12. The video playback device according to claim 11, wherein the subtitle processing module comprises:

the first determining unit is used for determining pixel points corresponding to the embedded subtitles according to the contour of the embedded subtitles;

13. The video playback device of claim 10, wherein the target information further comprises: the position information is coordinate point information of the same position of each video frame or central coordinate point information of a third target image area in each video frame, the third target image area is a local image area in each video frame, and the position of the third target image area in each video frame changes dynamically.

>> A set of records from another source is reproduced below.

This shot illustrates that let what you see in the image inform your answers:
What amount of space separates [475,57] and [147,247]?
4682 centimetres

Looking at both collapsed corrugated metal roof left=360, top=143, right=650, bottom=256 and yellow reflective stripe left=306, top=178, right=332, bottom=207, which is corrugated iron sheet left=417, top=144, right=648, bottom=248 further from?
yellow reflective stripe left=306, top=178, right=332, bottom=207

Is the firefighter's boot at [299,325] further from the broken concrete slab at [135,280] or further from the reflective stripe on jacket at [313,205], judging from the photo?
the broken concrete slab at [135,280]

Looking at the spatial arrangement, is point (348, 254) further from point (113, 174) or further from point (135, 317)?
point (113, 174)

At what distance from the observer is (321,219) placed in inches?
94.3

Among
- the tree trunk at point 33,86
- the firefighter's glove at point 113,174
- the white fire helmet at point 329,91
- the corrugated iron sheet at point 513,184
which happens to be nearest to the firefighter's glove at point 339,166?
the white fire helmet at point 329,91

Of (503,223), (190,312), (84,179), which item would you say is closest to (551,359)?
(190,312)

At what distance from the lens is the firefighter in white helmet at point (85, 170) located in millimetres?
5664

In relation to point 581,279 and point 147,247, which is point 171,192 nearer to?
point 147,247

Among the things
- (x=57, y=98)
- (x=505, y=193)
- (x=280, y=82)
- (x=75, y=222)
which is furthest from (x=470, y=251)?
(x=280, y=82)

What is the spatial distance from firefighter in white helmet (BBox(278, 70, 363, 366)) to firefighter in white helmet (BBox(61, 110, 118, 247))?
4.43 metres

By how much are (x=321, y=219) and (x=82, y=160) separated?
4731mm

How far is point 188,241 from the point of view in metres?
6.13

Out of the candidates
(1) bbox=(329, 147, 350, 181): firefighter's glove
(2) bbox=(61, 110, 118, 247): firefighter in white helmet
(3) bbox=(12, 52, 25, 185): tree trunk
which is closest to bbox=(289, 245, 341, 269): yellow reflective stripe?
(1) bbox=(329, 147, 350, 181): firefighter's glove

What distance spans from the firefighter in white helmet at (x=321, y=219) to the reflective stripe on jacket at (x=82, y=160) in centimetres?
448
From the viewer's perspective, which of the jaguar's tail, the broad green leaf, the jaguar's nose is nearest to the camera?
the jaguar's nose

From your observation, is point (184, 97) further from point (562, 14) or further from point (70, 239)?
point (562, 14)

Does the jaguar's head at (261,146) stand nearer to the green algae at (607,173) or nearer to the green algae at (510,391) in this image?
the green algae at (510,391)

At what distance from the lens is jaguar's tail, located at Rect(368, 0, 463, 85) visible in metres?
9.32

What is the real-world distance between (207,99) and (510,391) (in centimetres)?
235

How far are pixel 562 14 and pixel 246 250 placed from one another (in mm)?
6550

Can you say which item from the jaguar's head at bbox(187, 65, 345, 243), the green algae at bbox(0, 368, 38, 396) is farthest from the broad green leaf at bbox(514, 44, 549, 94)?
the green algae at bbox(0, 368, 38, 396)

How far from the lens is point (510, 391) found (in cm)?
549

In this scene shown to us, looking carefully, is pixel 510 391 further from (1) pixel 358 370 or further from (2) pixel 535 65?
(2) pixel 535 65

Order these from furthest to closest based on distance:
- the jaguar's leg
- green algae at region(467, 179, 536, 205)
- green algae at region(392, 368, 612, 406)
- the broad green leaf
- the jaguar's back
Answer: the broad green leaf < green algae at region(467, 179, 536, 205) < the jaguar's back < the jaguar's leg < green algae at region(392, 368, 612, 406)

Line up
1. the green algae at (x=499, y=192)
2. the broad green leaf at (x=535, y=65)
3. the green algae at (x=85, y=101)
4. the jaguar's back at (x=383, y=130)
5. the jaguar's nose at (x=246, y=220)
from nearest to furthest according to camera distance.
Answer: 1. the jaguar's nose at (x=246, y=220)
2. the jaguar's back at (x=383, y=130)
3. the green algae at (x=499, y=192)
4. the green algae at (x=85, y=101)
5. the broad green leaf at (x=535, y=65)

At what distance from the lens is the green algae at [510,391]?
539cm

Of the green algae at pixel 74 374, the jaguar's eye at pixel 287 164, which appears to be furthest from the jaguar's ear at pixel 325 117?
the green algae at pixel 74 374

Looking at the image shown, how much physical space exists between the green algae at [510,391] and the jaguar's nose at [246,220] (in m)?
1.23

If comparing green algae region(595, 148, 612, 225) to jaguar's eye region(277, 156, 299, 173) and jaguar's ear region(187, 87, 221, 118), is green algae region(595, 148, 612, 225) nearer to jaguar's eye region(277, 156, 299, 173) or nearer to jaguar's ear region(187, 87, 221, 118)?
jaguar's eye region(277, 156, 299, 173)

14. The video playback device according to claim 13, wherein the video playback device further comprises:

15. A video processing apparatus applied to a server, the video processing apparatus comprising:

the sending module is used for sending the target information to the terminal equipment; wherein the target information includes: the method comprises the steps of obtaining a target video and subtitle content corresponding to the target video; the subtitle content is an externally-hung subtitle obtained by the server according to the embedded subtitle in the target video; the subtitle content corresponding to the target video is complete subtitle content corresponding to the target video; the terminal equipment displays the video image in the first target image area in each video frame and simultaneously displays the target subtitle content; wherein the video frame is a video frame in the target video; the first target image area is a local image area in each video frame; the target subtitle content is complete subtitle content corresponding to the displayed video image; the video image is the image without the embedded caption.

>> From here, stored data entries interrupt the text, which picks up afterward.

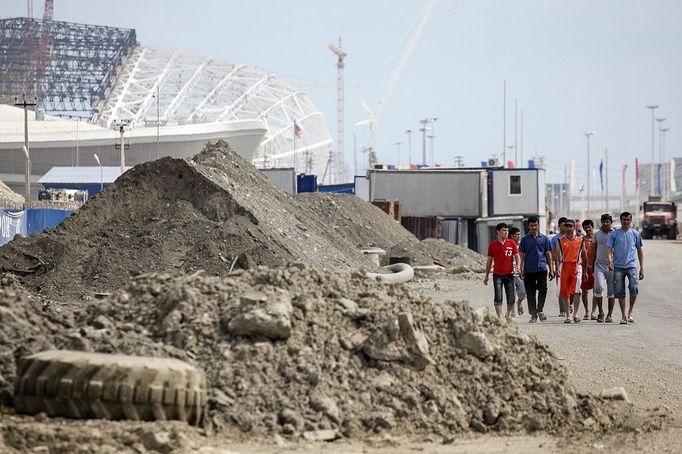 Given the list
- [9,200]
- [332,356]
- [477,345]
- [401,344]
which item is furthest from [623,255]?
[9,200]

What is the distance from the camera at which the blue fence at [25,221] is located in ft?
108

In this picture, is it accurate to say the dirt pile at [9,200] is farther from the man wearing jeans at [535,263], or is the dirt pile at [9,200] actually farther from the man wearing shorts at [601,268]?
the man wearing shorts at [601,268]

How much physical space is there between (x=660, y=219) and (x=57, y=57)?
379 feet

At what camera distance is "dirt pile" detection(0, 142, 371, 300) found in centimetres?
1983

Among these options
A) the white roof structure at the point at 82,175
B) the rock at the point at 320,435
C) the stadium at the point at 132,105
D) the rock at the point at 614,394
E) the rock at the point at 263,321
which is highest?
the stadium at the point at 132,105

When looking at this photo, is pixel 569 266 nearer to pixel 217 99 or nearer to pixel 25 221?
pixel 25 221

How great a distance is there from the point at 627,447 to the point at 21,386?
3791 mm

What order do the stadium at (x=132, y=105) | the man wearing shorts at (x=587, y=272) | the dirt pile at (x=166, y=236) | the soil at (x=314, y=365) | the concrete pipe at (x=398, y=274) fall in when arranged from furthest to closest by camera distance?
the stadium at (x=132, y=105) → the concrete pipe at (x=398, y=274) → the dirt pile at (x=166, y=236) → the man wearing shorts at (x=587, y=272) → the soil at (x=314, y=365)

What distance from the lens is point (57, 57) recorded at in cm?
16812

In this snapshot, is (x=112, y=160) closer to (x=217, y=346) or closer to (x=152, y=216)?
(x=152, y=216)

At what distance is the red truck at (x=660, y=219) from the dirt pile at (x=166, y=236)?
51.1 meters

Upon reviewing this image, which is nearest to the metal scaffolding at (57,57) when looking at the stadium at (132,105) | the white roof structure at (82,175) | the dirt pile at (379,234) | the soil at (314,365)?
the stadium at (132,105)

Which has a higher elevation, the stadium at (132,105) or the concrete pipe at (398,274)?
the stadium at (132,105)

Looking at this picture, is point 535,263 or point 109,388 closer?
point 109,388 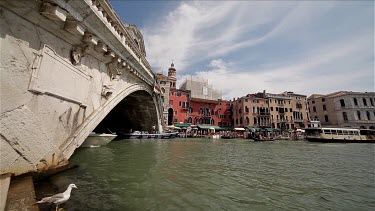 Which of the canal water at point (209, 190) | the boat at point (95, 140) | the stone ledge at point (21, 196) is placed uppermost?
the boat at point (95, 140)

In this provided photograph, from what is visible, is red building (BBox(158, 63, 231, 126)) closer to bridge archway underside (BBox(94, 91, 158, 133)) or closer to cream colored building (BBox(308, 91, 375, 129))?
bridge archway underside (BBox(94, 91, 158, 133))

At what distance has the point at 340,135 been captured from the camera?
1286 inches

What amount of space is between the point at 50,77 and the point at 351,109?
60.3m

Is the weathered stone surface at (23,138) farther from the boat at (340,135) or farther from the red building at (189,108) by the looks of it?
the boat at (340,135)

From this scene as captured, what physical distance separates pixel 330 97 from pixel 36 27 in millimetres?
62690

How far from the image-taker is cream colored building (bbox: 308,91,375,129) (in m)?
45.2

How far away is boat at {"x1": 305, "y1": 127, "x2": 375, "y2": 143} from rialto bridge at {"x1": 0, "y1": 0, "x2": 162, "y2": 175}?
37.0 metres

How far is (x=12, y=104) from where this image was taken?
3.71m

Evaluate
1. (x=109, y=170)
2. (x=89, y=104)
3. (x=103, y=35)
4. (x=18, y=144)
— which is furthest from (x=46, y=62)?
(x=109, y=170)

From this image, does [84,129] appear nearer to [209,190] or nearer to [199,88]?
[209,190]

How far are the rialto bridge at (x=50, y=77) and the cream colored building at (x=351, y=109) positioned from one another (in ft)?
190

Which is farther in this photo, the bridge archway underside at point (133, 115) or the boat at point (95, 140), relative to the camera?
the bridge archway underside at point (133, 115)

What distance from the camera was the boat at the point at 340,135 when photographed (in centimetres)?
3194

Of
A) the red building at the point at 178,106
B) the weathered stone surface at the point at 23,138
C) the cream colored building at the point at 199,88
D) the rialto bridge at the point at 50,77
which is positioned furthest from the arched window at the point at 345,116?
the weathered stone surface at the point at 23,138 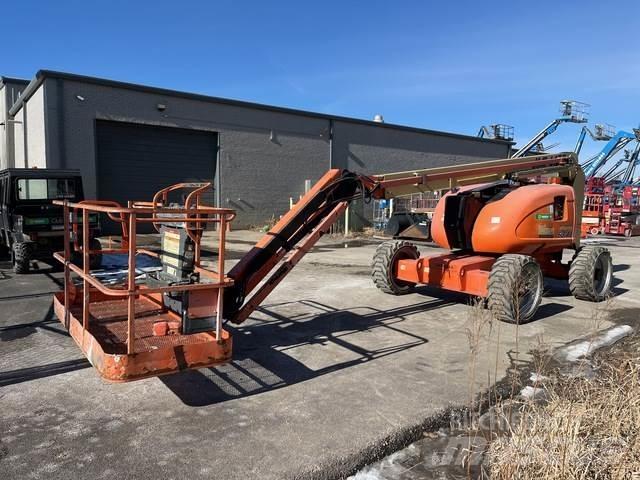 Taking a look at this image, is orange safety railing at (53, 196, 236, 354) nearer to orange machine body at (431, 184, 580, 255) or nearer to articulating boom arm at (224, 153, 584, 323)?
articulating boom arm at (224, 153, 584, 323)

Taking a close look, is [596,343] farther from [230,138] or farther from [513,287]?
[230,138]

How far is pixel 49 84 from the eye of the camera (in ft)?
56.7

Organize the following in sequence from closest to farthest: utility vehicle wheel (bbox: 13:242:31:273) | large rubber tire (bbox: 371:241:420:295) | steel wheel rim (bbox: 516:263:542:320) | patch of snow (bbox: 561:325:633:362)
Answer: patch of snow (bbox: 561:325:633:362) → steel wheel rim (bbox: 516:263:542:320) → large rubber tire (bbox: 371:241:420:295) → utility vehicle wheel (bbox: 13:242:31:273)

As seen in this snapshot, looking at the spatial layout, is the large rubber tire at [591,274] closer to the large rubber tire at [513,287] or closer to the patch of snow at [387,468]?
the large rubber tire at [513,287]

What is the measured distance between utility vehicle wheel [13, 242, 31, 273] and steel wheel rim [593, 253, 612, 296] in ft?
34.6

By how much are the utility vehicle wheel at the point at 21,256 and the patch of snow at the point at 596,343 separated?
9510 millimetres

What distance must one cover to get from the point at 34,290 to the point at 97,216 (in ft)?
8.13

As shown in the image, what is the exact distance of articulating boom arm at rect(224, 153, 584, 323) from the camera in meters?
5.43

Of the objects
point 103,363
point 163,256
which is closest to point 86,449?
point 103,363

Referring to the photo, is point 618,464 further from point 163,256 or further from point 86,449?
point 163,256

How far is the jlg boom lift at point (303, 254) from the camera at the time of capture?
166 inches

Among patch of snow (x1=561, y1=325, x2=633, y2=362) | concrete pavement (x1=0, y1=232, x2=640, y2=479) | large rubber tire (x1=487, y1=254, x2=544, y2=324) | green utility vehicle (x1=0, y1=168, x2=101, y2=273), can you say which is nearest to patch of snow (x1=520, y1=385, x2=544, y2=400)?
concrete pavement (x1=0, y1=232, x2=640, y2=479)

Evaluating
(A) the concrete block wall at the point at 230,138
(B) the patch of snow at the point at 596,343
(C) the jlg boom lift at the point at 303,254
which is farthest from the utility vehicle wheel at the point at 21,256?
(B) the patch of snow at the point at 596,343

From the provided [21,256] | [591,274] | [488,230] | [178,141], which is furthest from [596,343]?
[178,141]
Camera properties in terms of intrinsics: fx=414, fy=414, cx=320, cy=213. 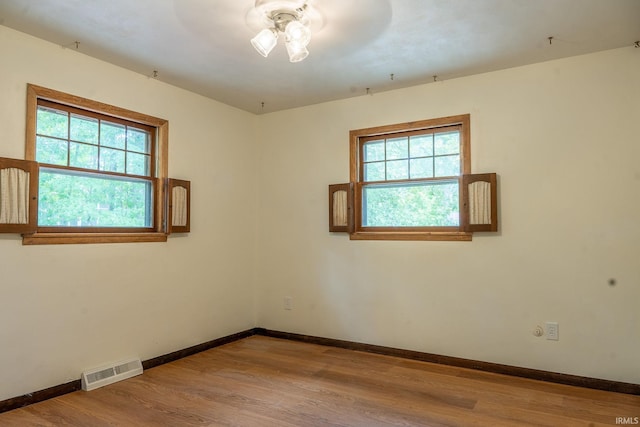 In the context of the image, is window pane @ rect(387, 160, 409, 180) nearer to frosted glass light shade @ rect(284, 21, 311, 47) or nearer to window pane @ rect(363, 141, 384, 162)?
window pane @ rect(363, 141, 384, 162)

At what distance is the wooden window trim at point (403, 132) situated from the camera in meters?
3.52

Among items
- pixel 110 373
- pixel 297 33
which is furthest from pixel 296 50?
pixel 110 373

16. The video processing device according to claim 15, wherein the video processing device further comprises:

and the acquisition module is used for acquiring the subtitle content.

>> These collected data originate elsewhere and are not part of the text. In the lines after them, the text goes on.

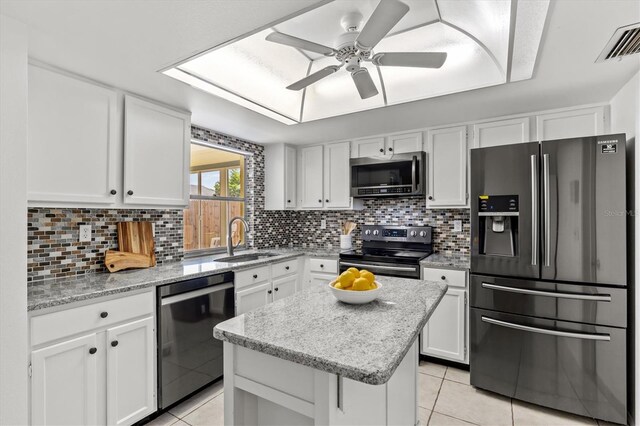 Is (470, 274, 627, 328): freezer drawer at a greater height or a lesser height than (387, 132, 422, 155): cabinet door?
lesser

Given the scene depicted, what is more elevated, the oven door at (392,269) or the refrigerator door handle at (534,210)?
the refrigerator door handle at (534,210)

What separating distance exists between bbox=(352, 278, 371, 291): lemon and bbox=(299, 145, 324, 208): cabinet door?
96.2 inches

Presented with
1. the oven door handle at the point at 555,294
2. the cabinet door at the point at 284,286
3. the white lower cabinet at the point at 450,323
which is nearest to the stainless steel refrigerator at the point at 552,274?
the oven door handle at the point at 555,294

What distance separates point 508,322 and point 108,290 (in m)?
2.71

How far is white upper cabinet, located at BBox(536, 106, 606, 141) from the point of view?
8.05ft

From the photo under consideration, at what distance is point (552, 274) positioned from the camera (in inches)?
84.8

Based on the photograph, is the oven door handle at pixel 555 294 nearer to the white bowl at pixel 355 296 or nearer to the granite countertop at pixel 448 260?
the granite countertop at pixel 448 260

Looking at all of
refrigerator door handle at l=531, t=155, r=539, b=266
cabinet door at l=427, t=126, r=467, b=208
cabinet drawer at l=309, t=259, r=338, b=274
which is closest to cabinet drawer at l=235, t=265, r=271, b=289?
cabinet drawer at l=309, t=259, r=338, b=274

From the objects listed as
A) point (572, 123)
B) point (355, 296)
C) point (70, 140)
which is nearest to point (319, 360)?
point (355, 296)

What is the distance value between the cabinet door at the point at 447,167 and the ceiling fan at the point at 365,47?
1497 mm

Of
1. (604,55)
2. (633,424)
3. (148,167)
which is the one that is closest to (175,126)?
(148,167)

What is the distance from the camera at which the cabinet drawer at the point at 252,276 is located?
106 inches

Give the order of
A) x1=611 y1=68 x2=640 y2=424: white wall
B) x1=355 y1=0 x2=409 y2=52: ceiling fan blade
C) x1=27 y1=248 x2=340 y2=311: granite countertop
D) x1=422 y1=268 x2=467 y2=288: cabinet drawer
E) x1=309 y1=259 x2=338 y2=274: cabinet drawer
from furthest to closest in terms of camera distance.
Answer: x1=309 y1=259 x2=338 y2=274: cabinet drawer
x1=422 y1=268 x2=467 y2=288: cabinet drawer
x1=611 y1=68 x2=640 y2=424: white wall
x1=27 y1=248 x2=340 y2=311: granite countertop
x1=355 y1=0 x2=409 y2=52: ceiling fan blade

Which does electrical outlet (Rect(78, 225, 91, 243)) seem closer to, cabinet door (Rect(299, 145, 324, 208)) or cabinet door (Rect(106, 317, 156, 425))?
cabinet door (Rect(106, 317, 156, 425)) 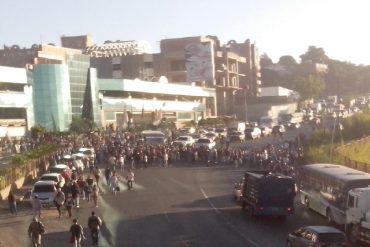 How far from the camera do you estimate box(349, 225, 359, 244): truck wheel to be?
2208 centimetres

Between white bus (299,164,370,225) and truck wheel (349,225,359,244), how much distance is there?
1.18 meters

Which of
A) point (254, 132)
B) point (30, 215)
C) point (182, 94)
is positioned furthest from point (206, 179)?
point (182, 94)

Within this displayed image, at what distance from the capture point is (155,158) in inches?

17. The video processing apparatus of claim 16, wherein the obtaining module comprises:

18. The video processing apparatus according to claim 15, wherein the target information further includes: the position information is coordinate point information of the same position of each video frame or central coordinate point information in a third target image area in each video frame; wherein the video frame is a video frame in the target video; the third target image area is a local image area in each video frame, and the position of the third target image area in each video frame is dynamically changed.

19. An electronic device, comprising: a processor, a communication interface, a memory, and a communication bus; the processor, the communication interface and the memory complete mutual communication through a communication bus;

a memory for storing a computer program;

a processor for implementing the steps of the video playback method according to any one of claims 1 to 5 or the video processing method according to any one of claims 6 to 9 when executing a program stored in the memory.

20. A computer-readable storage medium, on which a computer program is stored, which, when being executed by a processor, implements the video playback method according to any one of claims 1 to 5, or implements the video processing method according to any one of claims 6 to 9.